As expected, the journalists at The Washington Post were pretty careful with their coverage of this year’s March For Life. As I wrote the other day, in a challenge to GetReligion readers:
I would imagine that the Post team will be rather careful in its coverage this year, after receiving rather stark criticism from its own reader’s representative. I predict some photos and even videos that capture the size of the crowd. I expect quotes from the young women who are the backbone of the event, year after year. …

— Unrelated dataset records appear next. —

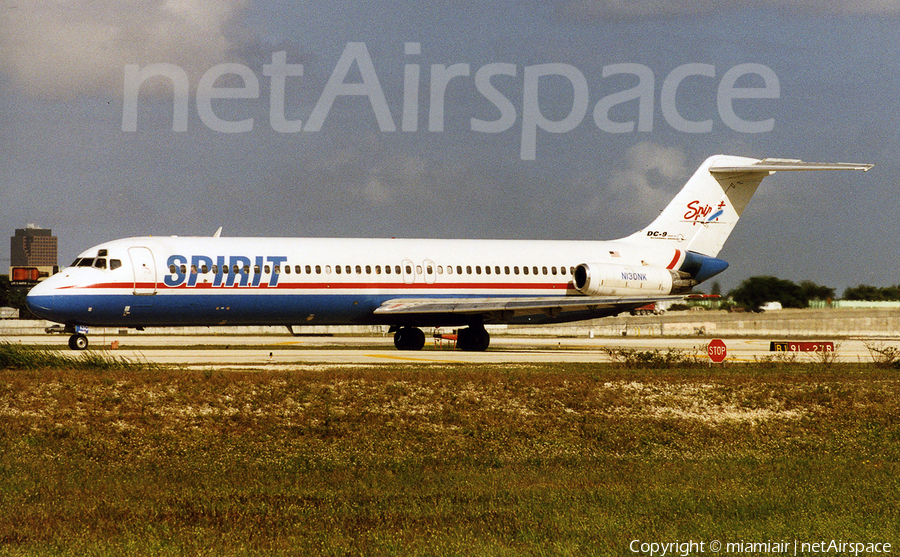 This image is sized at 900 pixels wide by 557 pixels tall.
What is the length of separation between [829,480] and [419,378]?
9.61 m

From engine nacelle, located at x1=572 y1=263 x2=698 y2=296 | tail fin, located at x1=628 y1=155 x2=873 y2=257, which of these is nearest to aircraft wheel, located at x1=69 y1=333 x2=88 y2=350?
engine nacelle, located at x1=572 y1=263 x2=698 y2=296

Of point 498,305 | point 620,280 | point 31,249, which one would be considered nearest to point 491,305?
point 498,305

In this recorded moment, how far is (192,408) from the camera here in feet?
62.5

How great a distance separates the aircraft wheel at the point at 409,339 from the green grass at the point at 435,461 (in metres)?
16.9

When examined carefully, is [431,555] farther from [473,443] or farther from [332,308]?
[332,308]

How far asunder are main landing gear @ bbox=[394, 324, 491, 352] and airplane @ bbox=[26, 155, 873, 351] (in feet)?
0.13

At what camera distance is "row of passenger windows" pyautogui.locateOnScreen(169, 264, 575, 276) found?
3606 cm

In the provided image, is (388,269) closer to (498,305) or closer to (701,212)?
(498,305)

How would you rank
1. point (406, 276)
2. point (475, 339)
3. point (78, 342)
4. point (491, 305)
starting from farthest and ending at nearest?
point (475, 339)
point (406, 276)
point (491, 305)
point (78, 342)

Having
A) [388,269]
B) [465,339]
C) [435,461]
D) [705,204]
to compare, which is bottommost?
[435,461]

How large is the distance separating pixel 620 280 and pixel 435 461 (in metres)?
27.2

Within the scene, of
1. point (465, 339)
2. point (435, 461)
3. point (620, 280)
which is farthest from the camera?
point (620, 280) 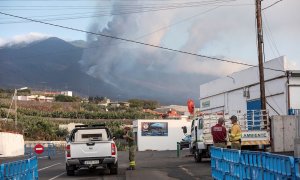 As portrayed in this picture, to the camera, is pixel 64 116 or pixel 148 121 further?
pixel 64 116

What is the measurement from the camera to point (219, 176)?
44.0 ft

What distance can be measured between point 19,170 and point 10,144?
1606 inches

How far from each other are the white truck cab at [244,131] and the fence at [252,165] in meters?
8.35

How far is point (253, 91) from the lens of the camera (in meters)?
39.7

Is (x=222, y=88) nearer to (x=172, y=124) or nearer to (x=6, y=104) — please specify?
(x=172, y=124)

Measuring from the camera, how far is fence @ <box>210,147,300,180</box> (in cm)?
799

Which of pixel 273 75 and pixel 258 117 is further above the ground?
pixel 273 75

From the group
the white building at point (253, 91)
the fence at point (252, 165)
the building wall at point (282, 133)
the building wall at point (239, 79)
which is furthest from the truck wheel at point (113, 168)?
the building wall at point (239, 79)

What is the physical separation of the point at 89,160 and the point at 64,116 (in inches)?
3075

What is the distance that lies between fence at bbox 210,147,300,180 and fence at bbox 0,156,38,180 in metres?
4.90

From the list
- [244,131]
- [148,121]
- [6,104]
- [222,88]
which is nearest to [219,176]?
[244,131]

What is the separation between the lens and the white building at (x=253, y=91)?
34188 mm

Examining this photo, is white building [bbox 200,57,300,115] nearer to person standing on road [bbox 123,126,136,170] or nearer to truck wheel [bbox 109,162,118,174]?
person standing on road [bbox 123,126,136,170]

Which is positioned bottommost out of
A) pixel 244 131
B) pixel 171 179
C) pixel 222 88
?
pixel 171 179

As you read the coverage … pay special attention to the variety of voices who are interviewed on both sides. Were you impressed with the quality of those allowed to explain what this event, what this day, meant to them and to America? Was the language loaded and packed with “scare quotes” and labels? Did you hear from liberals who oppose abortion, as well as the political (as opposed to cultural) conservatives who support abortion rights?
In other words, I wanted to see more coverage, but I also wanted to see coverage that was more complex, that featured voices that journalists rarely include in this ongoing national debate.
I was seeking a more complex journalistic picture, not a picture that ignored one side or the other.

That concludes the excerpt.